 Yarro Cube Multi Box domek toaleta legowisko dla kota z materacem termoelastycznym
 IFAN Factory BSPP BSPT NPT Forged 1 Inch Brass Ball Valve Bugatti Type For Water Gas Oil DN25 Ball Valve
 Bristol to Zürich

------------------------------------------------------------------------

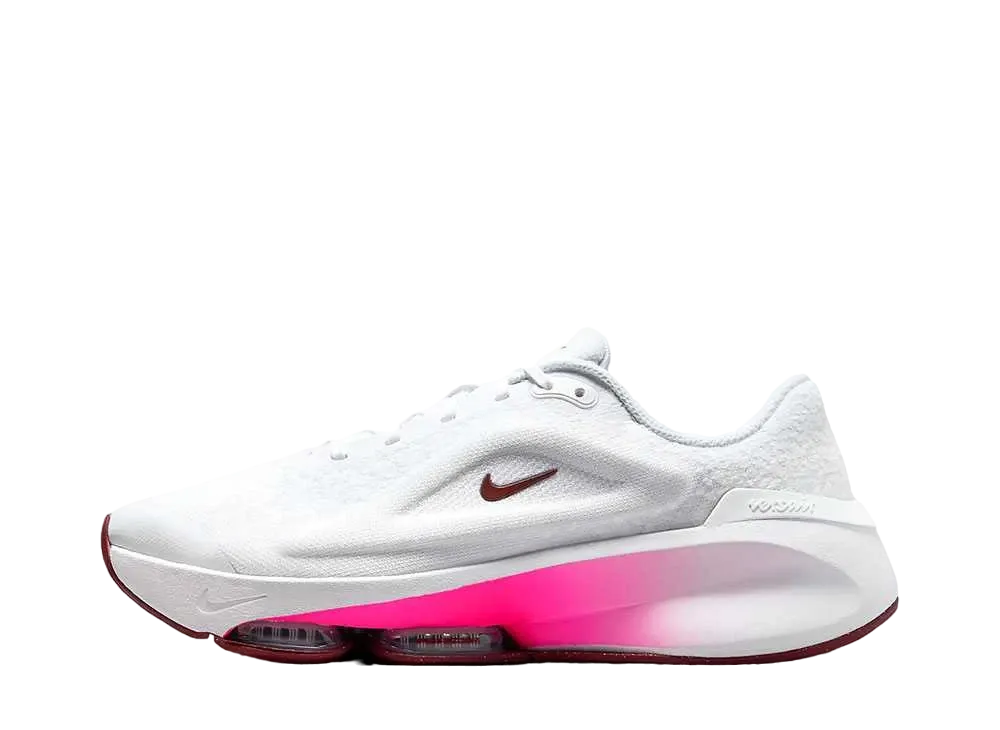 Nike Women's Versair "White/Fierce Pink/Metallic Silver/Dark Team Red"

------------------------------------------------------------------------

**WHAT YOU NEED TO DO**: From the entries above, write out only the lines starting at the line that holds "Yarro Cube Multi" and ending at the line that holds "Bristol to Zürich", keeping both and matching them exactly.

**ANSWER FOR THE TASK**:
 Yarro Cube Multi Box domek toaleta legowisko dla kota z materacem termoelastycznym
 IFAN Factory BSPP BSPT NPT Forged 1 Inch Brass Ball Valve Bugatti Type For Water Gas Oil DN25 Ball Valve
 Bristol to Zürich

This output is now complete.